[Opening Input data section]
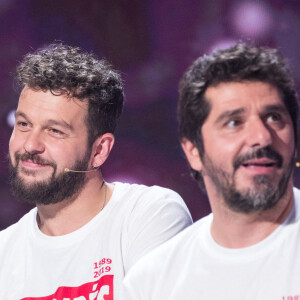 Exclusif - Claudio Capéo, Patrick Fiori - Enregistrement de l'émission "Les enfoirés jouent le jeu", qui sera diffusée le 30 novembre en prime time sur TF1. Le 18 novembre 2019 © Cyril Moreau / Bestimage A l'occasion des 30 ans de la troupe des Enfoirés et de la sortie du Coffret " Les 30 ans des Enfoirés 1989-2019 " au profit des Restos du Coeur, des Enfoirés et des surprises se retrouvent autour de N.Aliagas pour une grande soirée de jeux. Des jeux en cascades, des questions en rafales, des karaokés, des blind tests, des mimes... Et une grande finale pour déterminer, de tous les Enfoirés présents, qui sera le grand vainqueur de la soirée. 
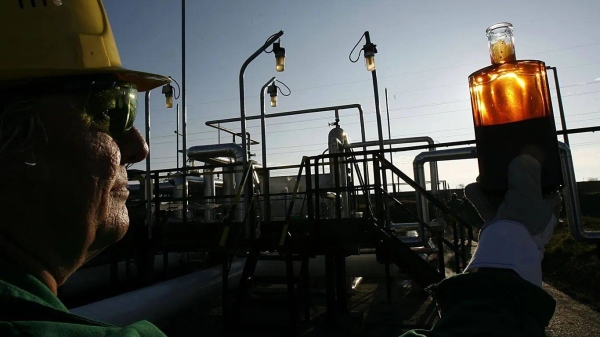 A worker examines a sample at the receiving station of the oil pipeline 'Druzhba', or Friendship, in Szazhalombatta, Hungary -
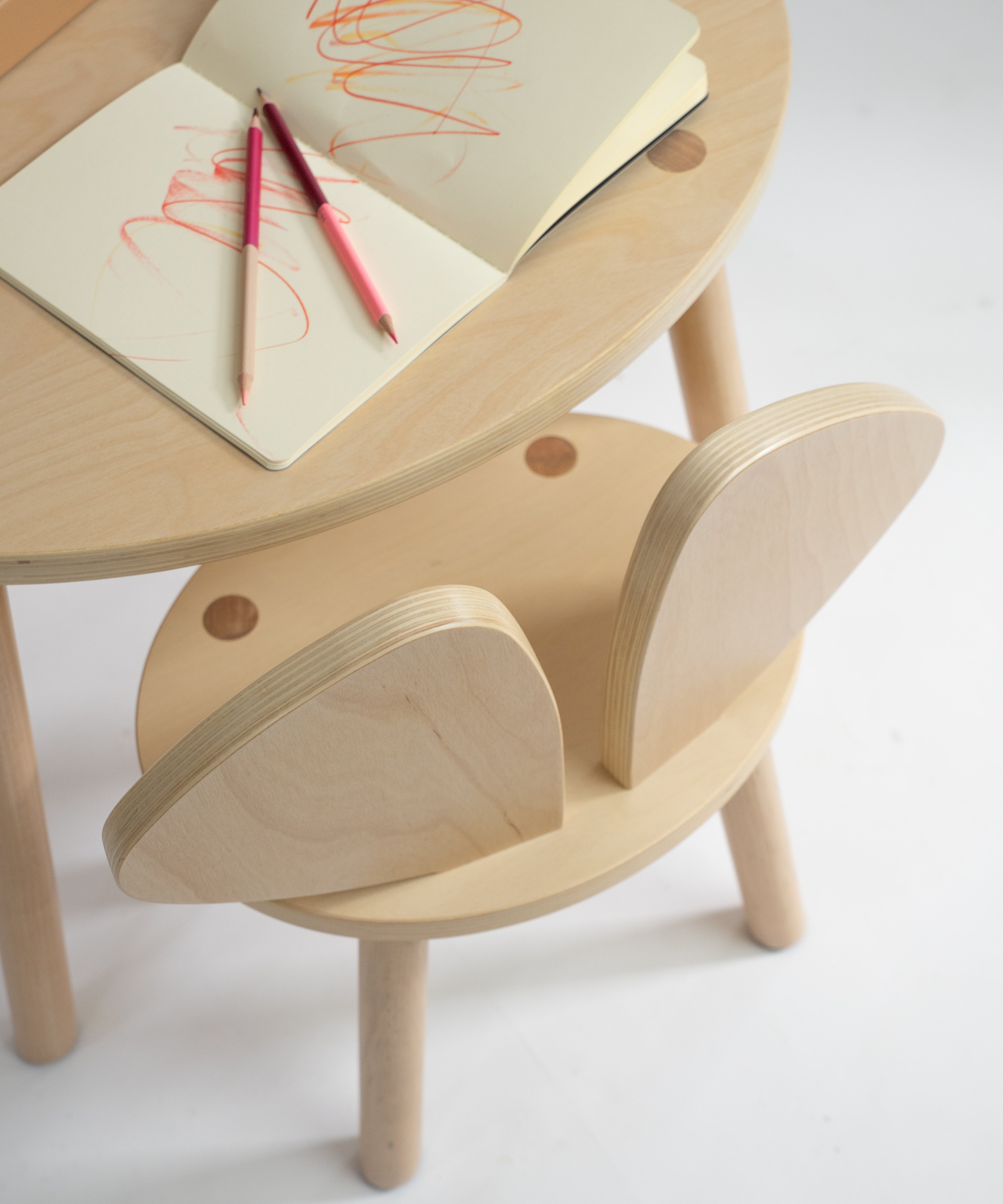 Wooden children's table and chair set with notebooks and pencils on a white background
[Closing Input data section]
[Opening Input data section]
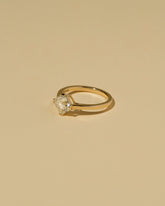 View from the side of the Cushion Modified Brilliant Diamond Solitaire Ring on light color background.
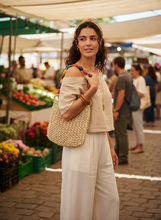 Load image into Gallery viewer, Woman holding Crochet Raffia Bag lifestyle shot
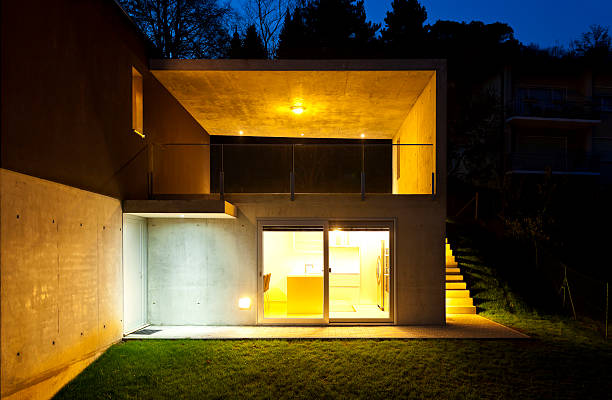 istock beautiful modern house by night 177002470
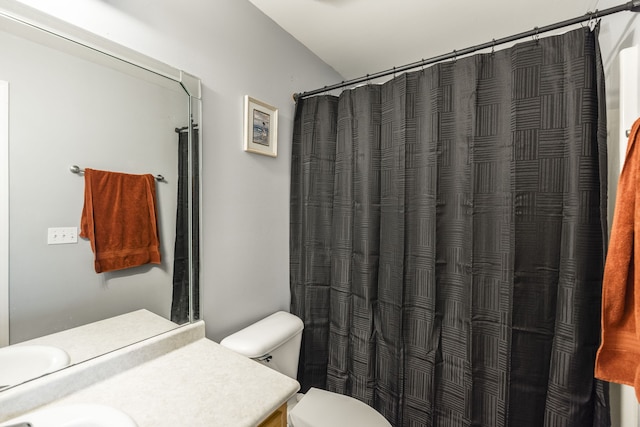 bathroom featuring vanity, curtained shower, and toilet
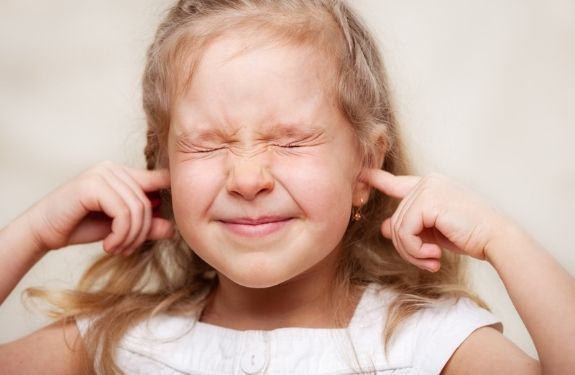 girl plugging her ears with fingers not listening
[Closing Input data section]
What the exercise asks –
Everything above from the line with "Exclusif - Claudio" through the line with "Wooden children's table" should be retyped exactly, and nothing else; omit pictures.

Task output –
 Exclusif - Claudio Capéo, Patrick Fiori - Enregistrement de l'émission "Les enfoirés jouent le jeu", qui sera diffusée le 30 novembre en prime time sur TF1. Le 18 novembre 2019 © Cyril Moreau / Bestimage A l'occasion des 30 ans de la troupe des Enfoirés et de la sortie du Coffret " Les 30 ans des Enfoirés 1989-2019 " au profit des Restos du Coeur, des Enfoirés et des surprises se retrouvent autour de N.Aliagas pour une grande soirée de jeux. Des jeux en cascades, des questions en rafales, des karaokés, des blind tests, des mimes... Et une grande finale pour déterminer, de tous les Enfoirés présents, qui sera le grand vainqueur de la soirée. 
 A worker examines a sample at the receiving station of the oil pipeline 'Druzhba', or Friendship, in Szazhalombatta, Hungary -
 Wooden children's table and chair set with notebooks and pencils on a white background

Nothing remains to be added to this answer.